Only a single research group has reported comparable or higher correlations and reproducibility of ventricular volumetry utilizing 3D whole-heart MRI, compared with that using a phase contrast MRI or 2D short-axis cine MRI (567). However, in these studies, a deformable simplex mesh model (56) or a 2D threshold-based segmentation (7) was used for segmenting 3D whole-heart MRI data. Theoretically, the 3D threshold-based segmentation methodology is expected to further improve accuracy of 3D whole-heart MRI in ventricular volume quantification, if their results hold true. Therefore, the purpose of this study was to test whether the 3D threshold-based segmentation method, using 3D whole-heart MRI data, has an additional benefit over the simplified contouring method using 2D cine MRI data in quantifying ventricular volumes.
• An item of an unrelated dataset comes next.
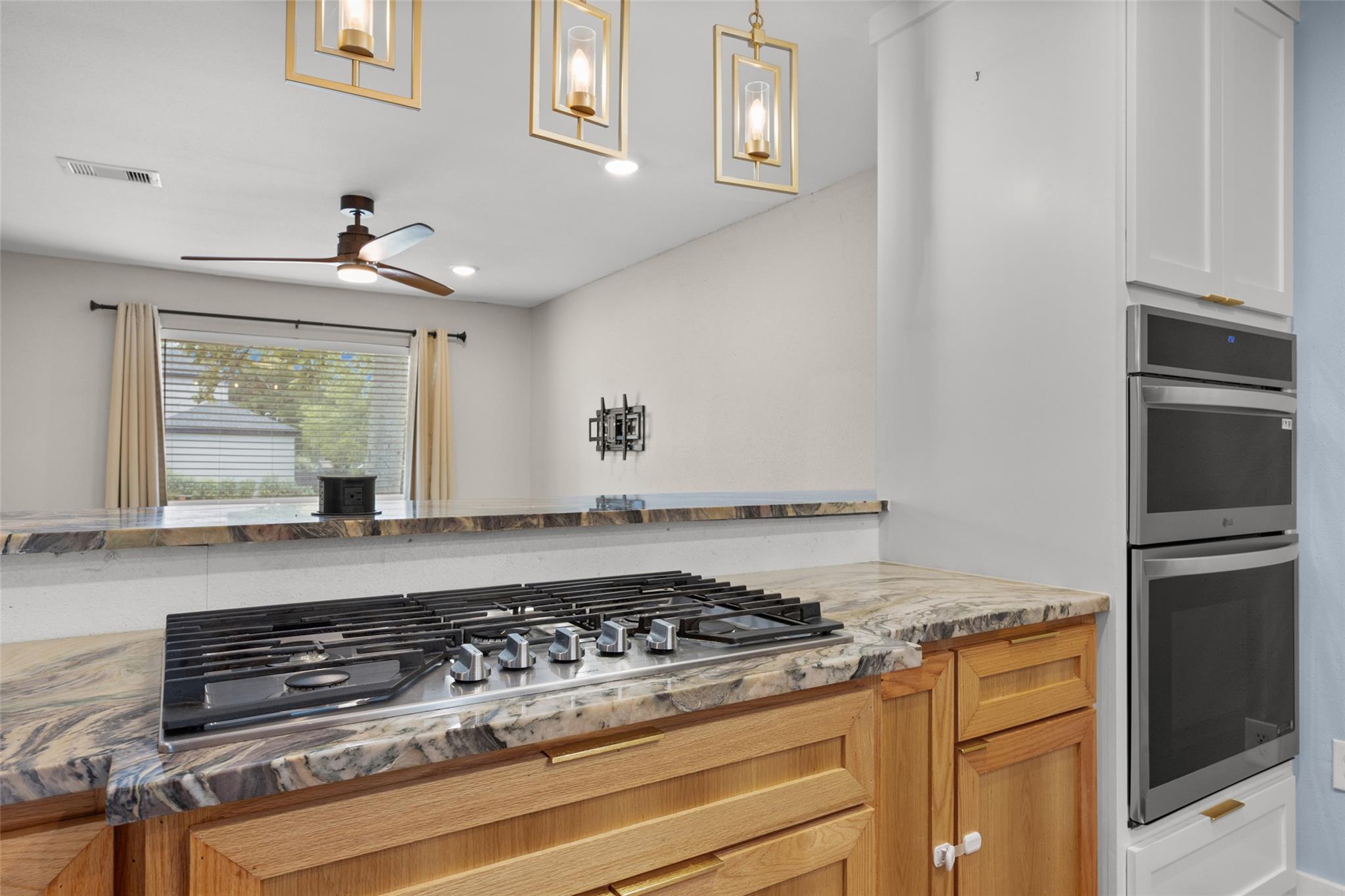 5206 Emerald Forest DR — photo 5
This retrospective study was approved by the Institutional Review Board of our hospital, which waived informed consent. To utilize flow measurements of the great arteries as a reference, left or right cardiovascular data pairs were excluded when mitral or tricuspid regurgitation greater than grade 1 or interventricular shunt was demonstrated at transthoracic echocardiography. Additionally, cases with functional single ventricles or with poor image quality were excluded. Thus, 110 patients with CHD (median age 18 years, age range 4 months–35 years; M:F = 74:36) who performed navigator-gated, contrast-enhanced, 3D whole-heart MRI during end-systole (ES) and end-diastole (ED), 2D short-axis cine MRI, and phase contrast MRI of the great arteries were enrolled in this study. The majority of included patients were; repaired tetralogy of Fallot (n = 86), followed by repaired pulmonary atresia with ventricular septal defect (n = 6), repaired pulmonary atresia with intact ventricular septum (n = 3), repaired pulmonary atresia, ventricular septal defect and major aortopulmonary collateral arteries (n = 2), and others (n = 13). Among them, completely matched left ventricle (LV) volume and aortic flow data were available in 109 patients after exclusion of one patient with grade 1–2 mitral regurgitation at echocardiography. Completely matched RV volume and pulmonary arterial flow data were available in 77 patients, after exclusion of 30 patients with tricuspid regurgitation ≥ grade 1 at echocardiography and three patients with no available pulmonary artery flow data.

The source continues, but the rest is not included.